Zunächst einmal, getreu dem Programmzettel, mit fünf „Pièces de caractère“ von Carl Philipp Emanuel Bach (kurz CPE), zu Deutsch „charakterisierende Stücke“. Als Armstrong Bachs Freund, den Dichter Johann Wilhelm Ludwig Gleim, in eine grazil-melancholischen Dreierbewegung fasste und den heftigen Trillern und Ausbrüchen eines gewissen offenbar sprunghaft veranlagten Herrn Buchholtz gegenüberstellte, da sah man nicht nur die Porträtierten vor dem inneren Auge erstehen – der 25-jährige Pianist führte auch noch Witz und Esprit des Komponisten vor.

Ganz große Kunst auf kleinstem Raum

Als zweite Ebene hatte Armstrong seinem Programm so etwas wie ein Komponisten-Verwirrspiel eingeflochten: Mozarts drei Suitensätze aus dem Jahre 1782 kamen im Gewande des Bach-Vaters Johann Sebastian daher. CPE schien im Rondo B-Dur seinen Schüler Beethoven vorwegzunehmen und verneigte sich in der Württembergischen Sonate Es-Dur vor seinem Vater. Welche Freiheit des Geistes, welche stilistische Virtuosität!

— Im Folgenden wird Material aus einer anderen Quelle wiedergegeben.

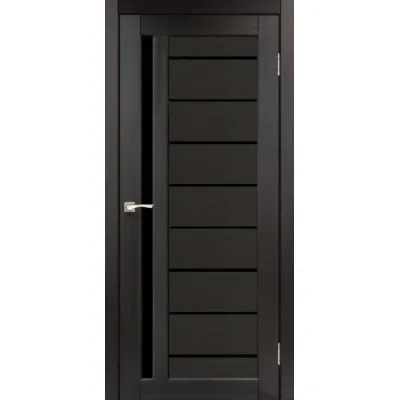 Межкомнатные Двери Korfad Venecia Deluxe VND-02 венге Черное стекло ПВХ плёнка-0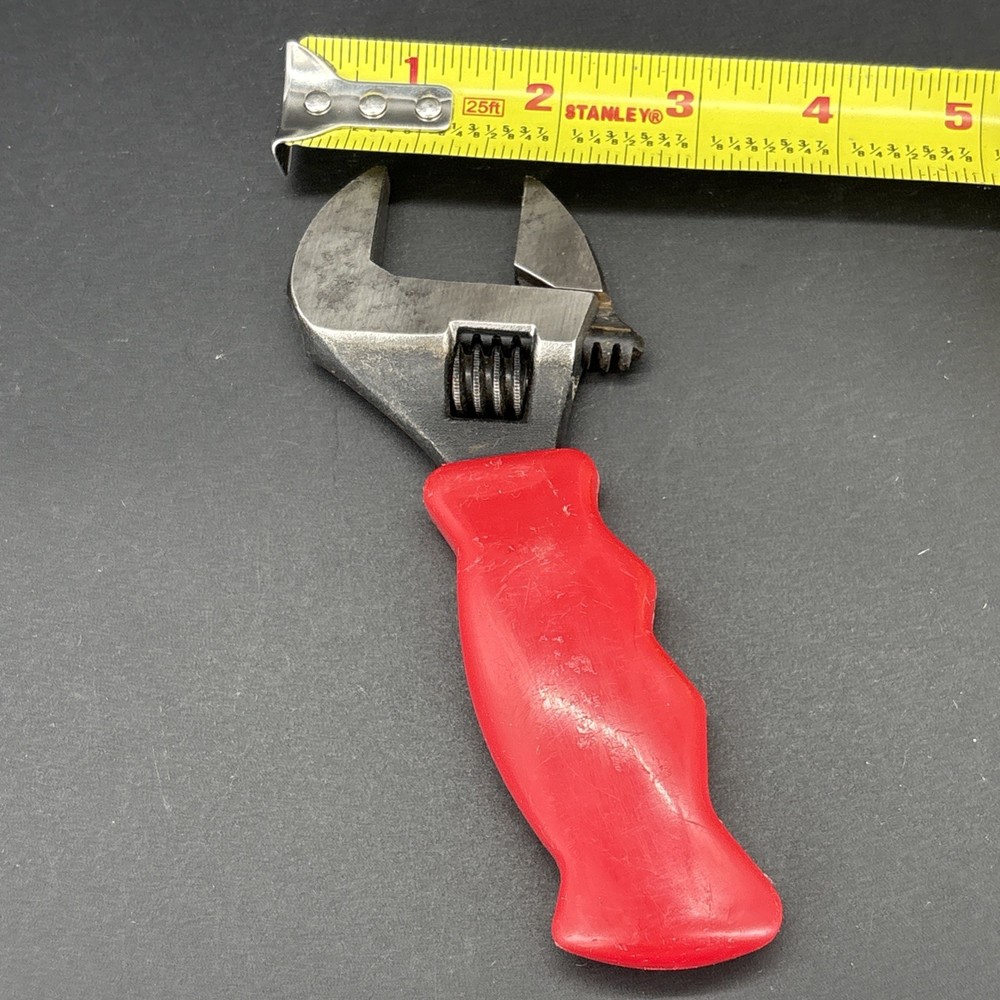 Performance Tool Small 1" Adjustable Crescent Style Wrench 6” Long W/Red Handle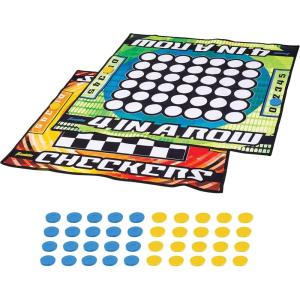 Franklin Sports Checkers and Four in A Row Mat Game – Addictive Family Fun! – Soft Play Mat for Kids of All Ages – Comes with 42 Plastic Pucks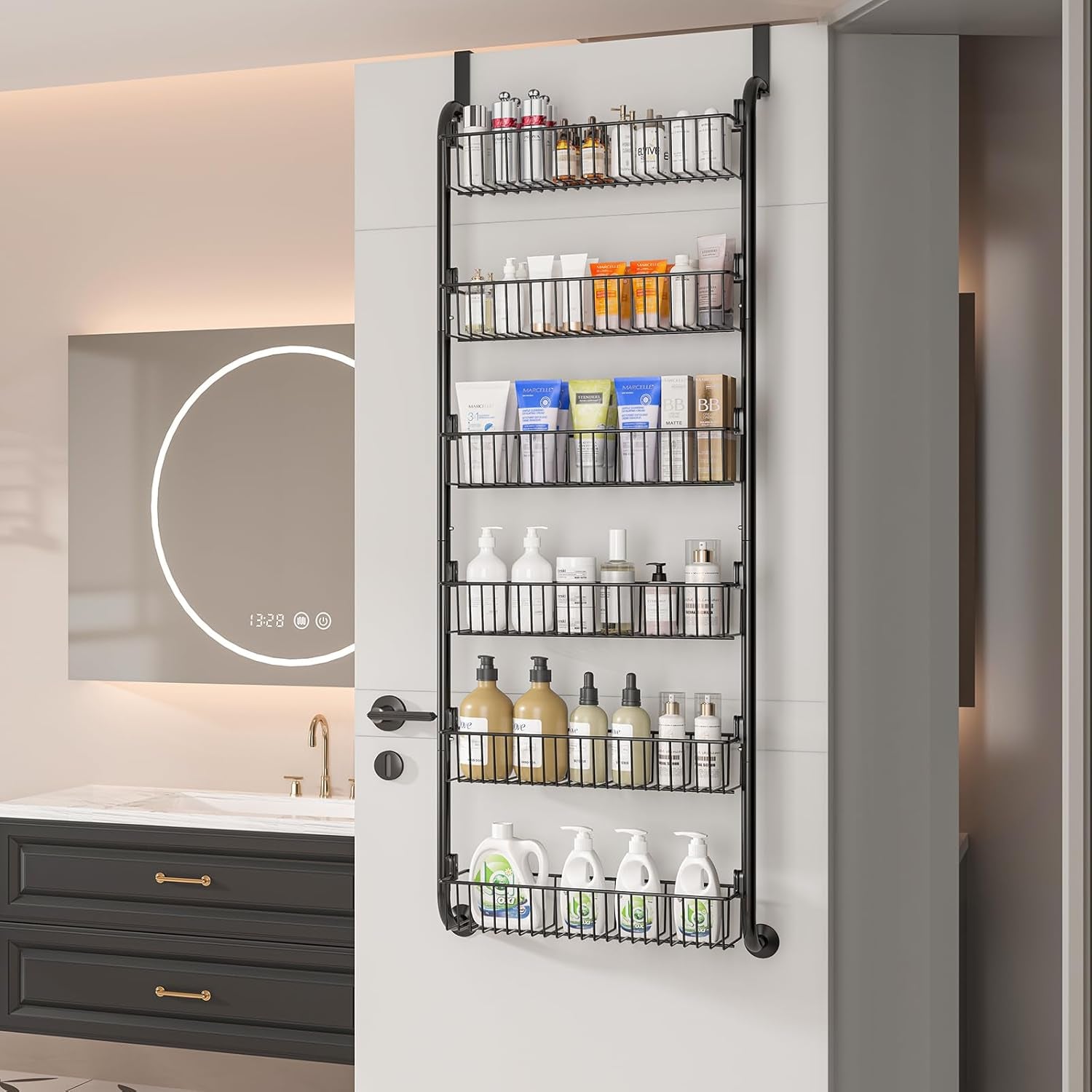 over the Door Pantry Organizers and Storage, 6-Tier Spice Rack, Home & Kitchen Storage Shelves for Cabinet, Large Capacity Hanging Seasoning Organizer, Laundry Room Organization, Black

Ganz sicher konnten sich die Hörer nur bei den ersten beiden Stücken sein. Der Titel von Mozarts „Sonata facile“ – übersetzt „leichte Sonate“ – ist eine der gemeinsten Lügen der Musikgeschichten. Wo jeder mitsummen kann, wo die Begleitachtel wie ein Stück Konfekt auf dem Tablett liegen, da kommt es auf eine Nanosekunde an, auf einen Hauch. Armstrong fächerte seine ganze Artikulationskunst auf, von sanftem Wellengang bis zu Gebirgszacken, und versank bodenlos tief im langsamen Satz. Große Kunst auf kleinstem Raum.

Resignation und Aufbegehren

Ein Herzstück des Abends war die Fantasie fis-Moll, Untertitel „C.P.E. Bachs Empfindungen“, mit ihren zwischen Resignation und Aufbegehren schwankenden Stimmungen. Wie Armstrong sich gleichsam durch eine Mondlandschaft tastete, hätte man die Spannung im Saal ungeachtet diverser Huster mit Händen greifen können.

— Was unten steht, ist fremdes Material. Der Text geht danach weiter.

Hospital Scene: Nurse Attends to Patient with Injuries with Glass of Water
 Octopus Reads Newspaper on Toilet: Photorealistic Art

Zu keiner Zeit vermisste man die originalen Tasteninstrumente, und das will gerade bei CPE etwas heißen. Armstrong gestaltete nicht historisierend, sondern auf eine Weise expressiv, die gerade durch den silbrigen Faden der Contenance so ergreifend war.

Und als unangekündigten dritten Konzertteil gab Armstrong noch zwei gewichtige Werke von Vater Bach zu, nämlich Präludium und Fuge in fis-Moll aus dem Wohltemperierten Klavier und dann noch die Chromatische Fantasie und Fuge. So schloss sich der Kreis. Was für ein Abend.